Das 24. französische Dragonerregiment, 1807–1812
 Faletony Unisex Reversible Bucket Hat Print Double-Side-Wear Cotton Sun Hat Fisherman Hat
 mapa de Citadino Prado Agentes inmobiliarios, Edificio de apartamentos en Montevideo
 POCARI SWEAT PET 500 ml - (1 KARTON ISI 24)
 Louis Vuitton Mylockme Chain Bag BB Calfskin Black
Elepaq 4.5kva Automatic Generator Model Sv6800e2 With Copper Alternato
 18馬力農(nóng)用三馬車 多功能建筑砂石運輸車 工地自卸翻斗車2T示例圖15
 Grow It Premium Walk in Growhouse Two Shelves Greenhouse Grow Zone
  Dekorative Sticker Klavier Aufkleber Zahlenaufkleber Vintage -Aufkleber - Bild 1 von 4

========

What you have to do: The result should consist solely of the lines from the one that contains "mapa de Citadino" to the last line of the records above, reproduced exactly.

Reply to the exercise:
 mapa de Citadino Prado Agentes inmobiliarios, Edificio de apartamentos en Montevideo
 POCARI SWEAT PET 500 ml - (1 KARTON ISI 24)
 Louis Vuitton Mylockme Chain Bag BB Calfskin Black
Elepaq 4.5kva Automatic Generator Model Sv6800e2 With Copper Alternato
 18馬力農(nóng)用三馬車 多功能建筑砂石運輸車 工地自卸翻斗車2T示例圖15
 Grow It Premium Walk in Growhouse Two Shelves Greenhouse Grow Zone
  Dekorative Sticker Klavier Aufkleber Zahlenaufkleber Vintage -Aufkleber - Bild 1 von 4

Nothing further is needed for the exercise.